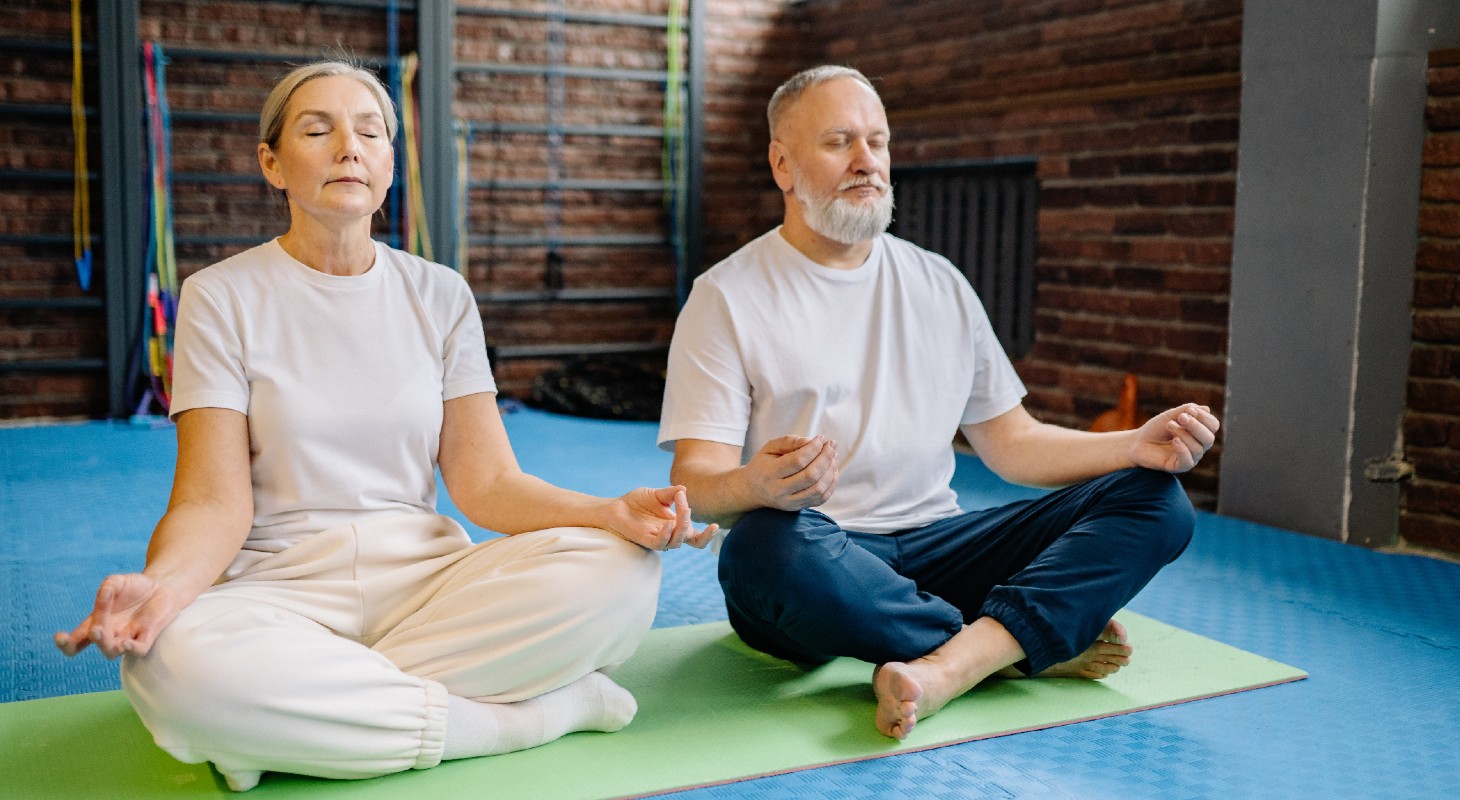 couple sénior pratiquant le yoga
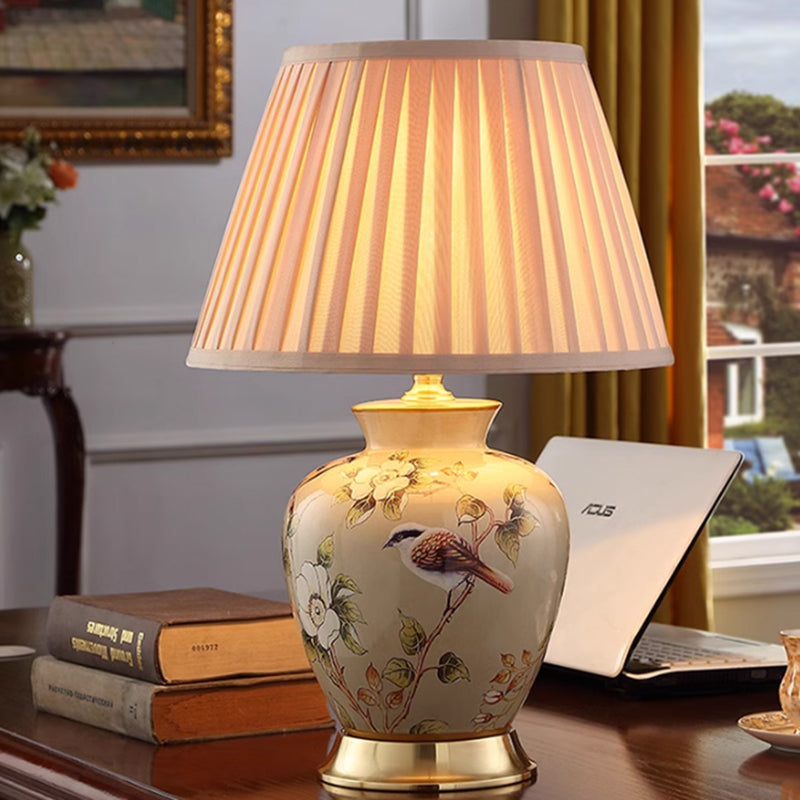 Chinese Retro Ceramic Table Lamp Bedroom Flower&Bird Simple Creative Study Warm Living Room Atmosphere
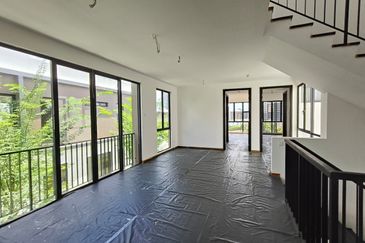 Isola Coast @ Senibong Cove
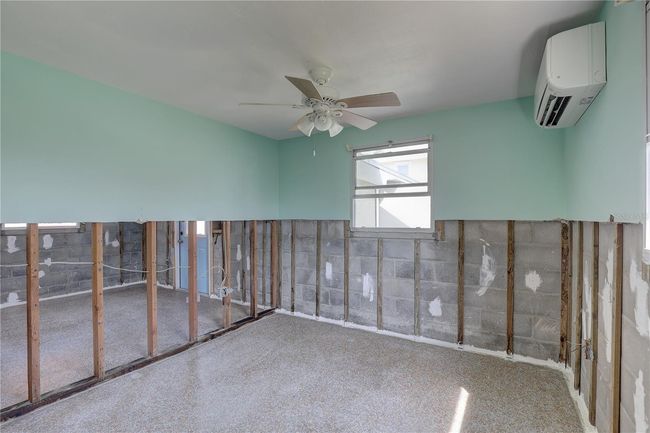 13313 2 Nd St E, House other with 2 bedrooms, 1 bathrooms and null parking in Madeira Beach FL | Image 22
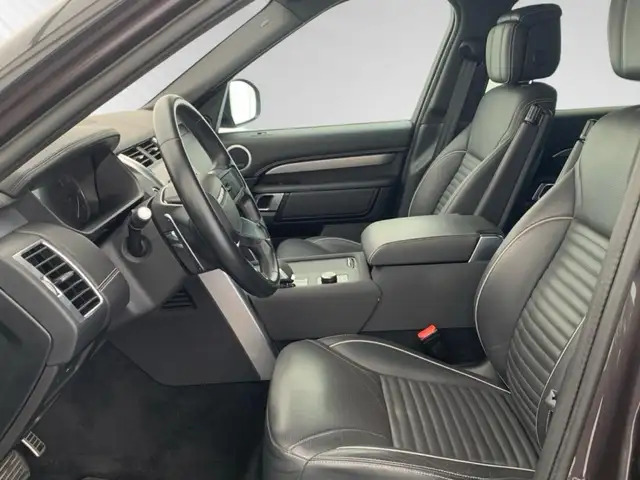 Land Rover Discovery view 8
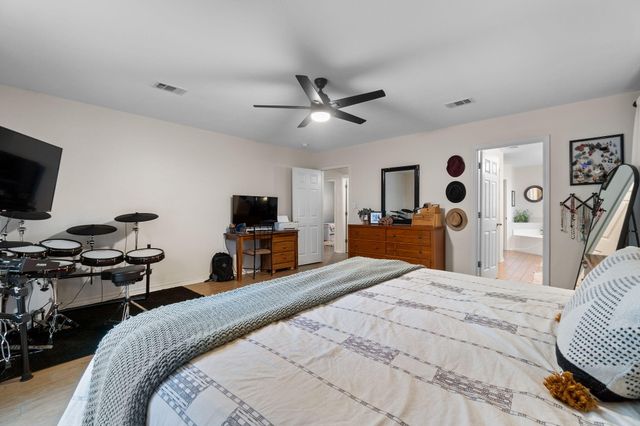 1302 Calcutta Drive, Gulf Breeze, FL 32563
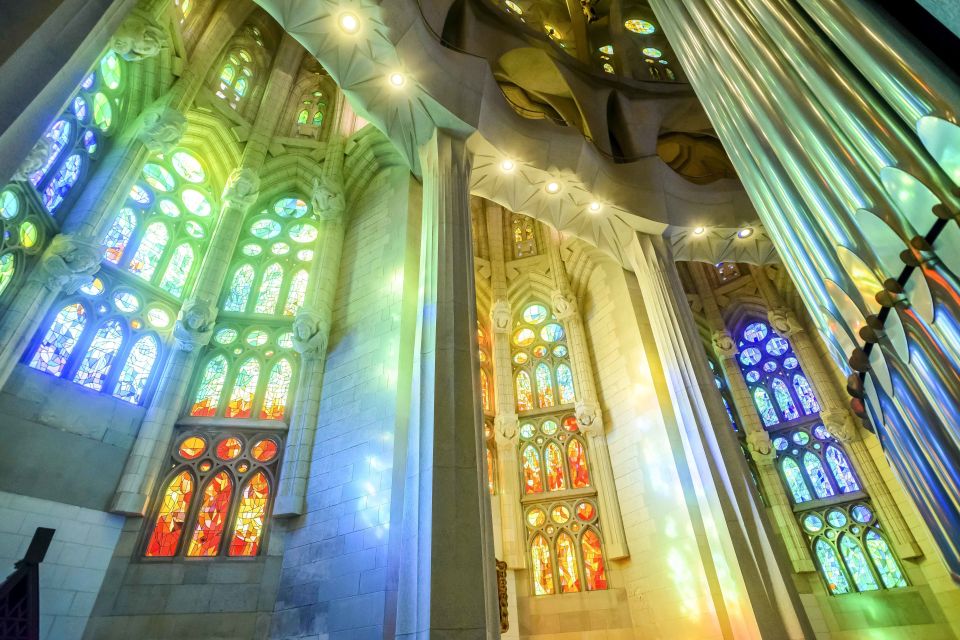 Barcelona: Sagrada Familia Tour with Optional Tower Access - What to Wear and Bring: The Basics That Prevent Headaches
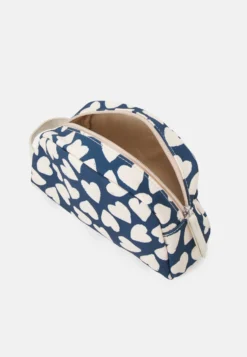 Even&Odd Wash Bag - Blue/White 6 Even&Odd Wash Bag - Blue/White -Even-Odd Store 8d08d0efd4f74781881f085dc0cdf544 scaled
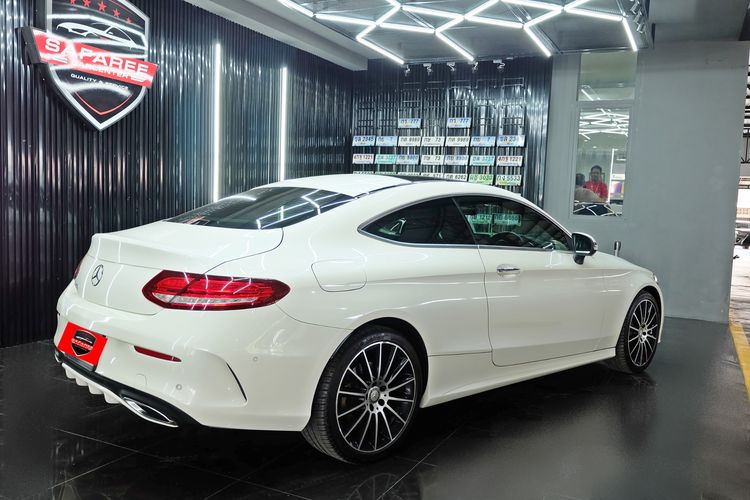 Mercedes-Benz C-Class 2016 C250 Sedan เบนซิน เกียร์อัตโนมัติ ขาว รูปที่ 4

---+---

» TASK DIRECTIONS: Your answer should consist solely of the lines from the one holding "Isola Coast @ Senibong Cove" through the end of the listing, reproduced exactly and without pictures.

» EXERCISE RESPONSE:
 Isola Coast @ Senibong Cove
 13313 2 Nd St E, House other with 2 bedrooms, 1 bathrooms and null parking in Madeira Beach FL | Image 22
 Land Rover Discovery view 8
 1302 Calcutta Drive, Gulf Breeze, FL 32563
 Barcelona: Sagrada Familia Tour with Optional Tower Access - What to Wear and Bring: The Basics That Prevent Headaches
 Even&Odd Wash Bag - Blue/White 6 Even&Odd Wash Bag - Blue/White -Even-Odd Store 8d08d0efd4f74781881f085dc0cdf544 scaled
 Mercedes-Benz C-Class 2016 C250 Sedan เบนซิน เกียร์อัตโนมัติ ขาว รูปที่ 4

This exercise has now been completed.